**What this task involves:** Reproduce the entries that follow precisely, setting aside any images.

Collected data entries
=== Begin Enclosure ===

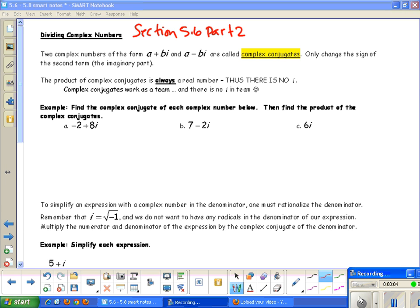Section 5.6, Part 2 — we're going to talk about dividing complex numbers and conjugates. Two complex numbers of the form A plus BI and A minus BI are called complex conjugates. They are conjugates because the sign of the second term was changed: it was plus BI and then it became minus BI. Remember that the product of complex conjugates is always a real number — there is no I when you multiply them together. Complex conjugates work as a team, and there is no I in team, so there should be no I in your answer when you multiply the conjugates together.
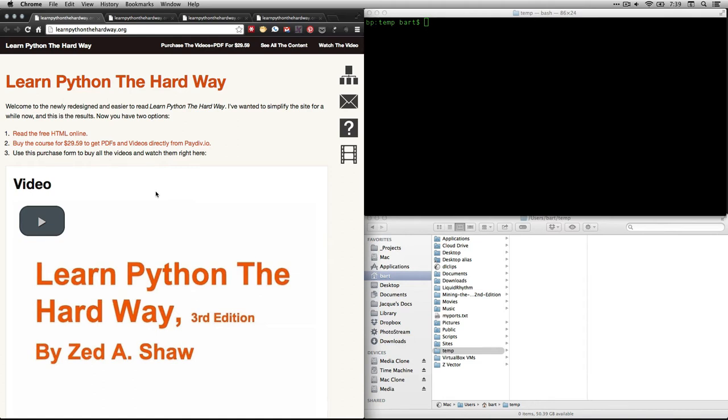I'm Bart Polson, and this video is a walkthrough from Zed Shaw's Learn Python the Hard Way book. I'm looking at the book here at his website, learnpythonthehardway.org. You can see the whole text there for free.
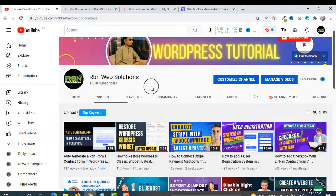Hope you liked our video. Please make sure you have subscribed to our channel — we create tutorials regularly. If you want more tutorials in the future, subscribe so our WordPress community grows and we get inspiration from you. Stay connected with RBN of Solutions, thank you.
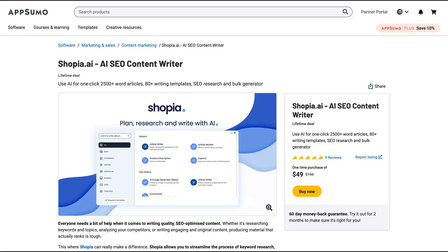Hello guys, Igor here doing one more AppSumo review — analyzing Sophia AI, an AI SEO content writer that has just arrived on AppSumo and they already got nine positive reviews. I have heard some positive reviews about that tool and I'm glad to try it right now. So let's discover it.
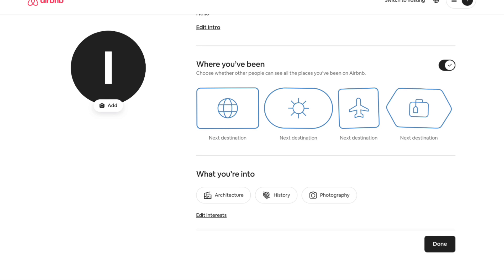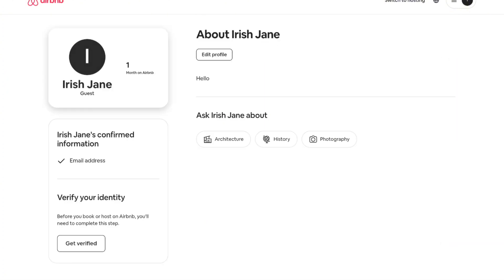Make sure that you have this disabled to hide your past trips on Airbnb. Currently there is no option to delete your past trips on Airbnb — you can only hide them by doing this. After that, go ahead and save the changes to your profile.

=== End Enclosure ===

**Written response:**
Section 5.6, Part 2 — we're going to talk about dividing complex numbers and conjugates. Two complex numbers of the form A plus BI and A minus BI are called complex conjugates. They are conjugates because the sign of the second term was changed: it was plus BI and then it became minus BI. Remember that the product of complex conjugates is always a real number — there is no I when you multiply them together. Complex conjugates work as a team, and there is no I in team, so there should be no I in your answer when you multiply the conjugates together.
I'm Bart Polson, and this video is a walkthrough from Zed Shaw's Learn Python the Hard Way book. I'm looking at the book here at his website, learnpythonthehardway.org. You can see the whole text there for free.
Hope you liked our video. Please make sure you have subscribed to our channel — we create tutorials regularly. If you want more tutorials in the future, subscribe so our WordPress community grows and we get inspiration from you. Stay connected with RBN of Solutions, thank you.
Hello guys, Igor here doing one more AppSumo review — analyzing Sophia AI, an AI SEO content writer that has just arrived on AppSumo and they already got nine positive reviews. I have heard some positive reviews about that tool and I'm glad to try it right now. So let's discover it.
Make sure that you have this disabled to hide your past trips on Airbnb. Currently there is no option to delete your past trips on Airbnb — you can only hide them by doing this. After that, go ahead and save the changes to your profile.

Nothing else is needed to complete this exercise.